On my way home from the upper reaches of the state I was spoilt for time and like the three little pigs rolled into one I cried "wee wee wee" as I stopped at foodie attractions all the way home. Not in order of appearance ...
Anvers Chocolates impressed with their pralines (especially the white ones), but honestly, I can't stand their "truffles" - not a truffles arse really - and their "fudge" - tasted better plastic. Coffee was a real disappointment.
Ashgrove Farm Cheeses - what a gorgeous bloke the cheese maker is. Made me laugh, didn't make me feel like a little glutton (even though I am) when my taste buds stopped working cos I'd tried too many cheese varieties. Walked away with some cloth-matured cheddar (the prize-winner) and some cloth-matured rubicon red (I love the taste of soil in this cheese - trust me, it's delightful).
Christmas Hills Raspberry Farm represents my excellent powers of restraint. Did I buy ice cream? No. Raspberry Sauce? No. I bought two 500g punnets of raspberries ($8 each) - and saved them til I got all the back to Hobart. Good on me. They're all gone now of course.
And best of all? I stopped off at the Big Spud (it's not that big) in Sassafrass. Sassafrass is that spot on the North-West route where the soil is rich chocolate. The grass seems greener and the sky bluer. It was late in the day and the sun seemed to fall in a golden haze. Like Jake and Elwood Blues, I felt that I was on a mission from God to buy spuds. So I did. I bought fresh corn on the cob, two varieties of freshly dug spuds still dusted with that gorgeous Sassafrass soil (bismarks and dutch creams), and fresh marties.
What a road trip!
GW ;-)
Sunday, March 12, 2006
Spring Vale Wines
While meandering aimlessly through the countryside t’other day, I stumbled across the Spring Vale winery near Cranbrook. Imagine my delight. (Some of you may recall my excitement when I first met their desert wine at Taste.)
The cellar door at Spring Vale is a lovely rustic old stable with bits of rusty farm-type stuff and half-barrels and the like. According to their web site (http://www.springvalewines.com/), it was built by convict labour in 1842, but thankfully the folk at Spring Vale have resisted the urge to capitalise on this too much (cos that would be tacky).

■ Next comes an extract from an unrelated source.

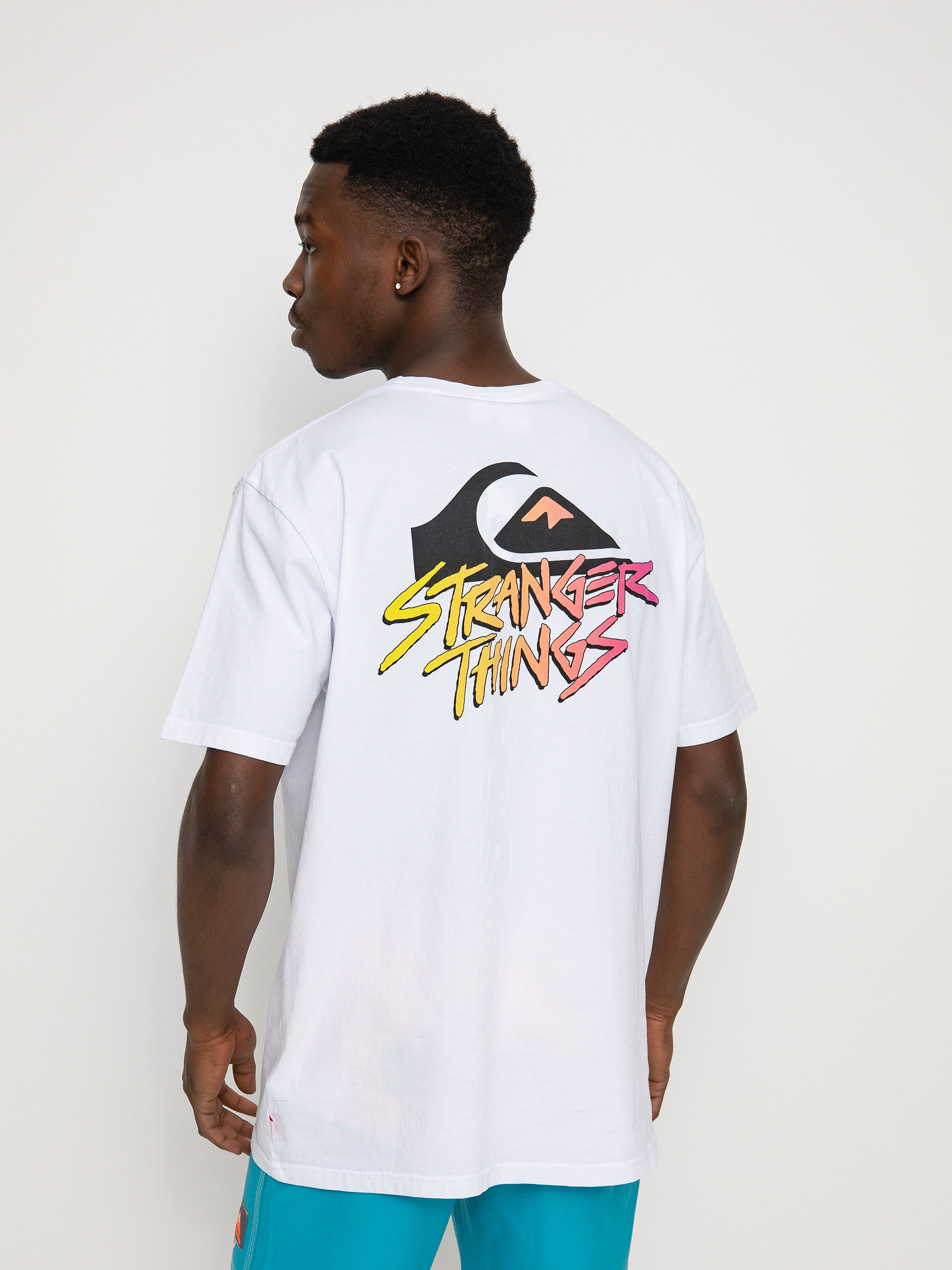 T-shirt Quiksilver X Stranger Things (white)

At first I stood there alone wondering how to attract someone’s attention when out of nowhere a studdly and spunky bloke came riding out of the vines on the back of a noisy stead (a quad bike), glistening grapes in hand. I told him I was there for the desert wine, but asked for a taste of the pinot clean skin, which was a bargain at $10 a bottle on special. I chatted to the bloke for a while, flirting not too much, while munching undaintily on red and green grapes. I would have stayed longer and tasted more, but nature was calling and I didn’t want to disgrace myself.
I walked away with the intended desert wine, some of the clean skin shiraz (which has since been guzzled with much delight), and some of Spring Vale’s very delicious olive oil.
Spring Vale is a lovely little winery, just south of my beloved Craigie Knowe (which, sadly, was closed that particular day).
GW.
Thursday, March 09, 2006
A Cascade of Steak
Popped into the Cascade Hotel the other night for the first time ever. Ordered what I thought was the smaller of the steak options. Bloody enormous, tender and juicy, and only slightly overdone for a medium rare (which isn’t bad for a pub). The poker-faced lady behind the bar (who I actually suspect is a warm and jolly delight away from the hordes of uni student punters ordering dinner) patiently walked me through the ordering process. This involves going behind the bar into the bottle shop to select a bottle of wine to enjoy with your dinner.
Anyway, it’s been ages since I’ve had a decent pub steak, and this was definitely a decent pub steak. I think I’ll keep all those shopper dockets from now on after all.
GW xx
Anyway, it’s been ages since I’ve had a decent pub steak, and this was definitely a decent pub steak. I think I’ll keep all those shopper dockets from now on after all.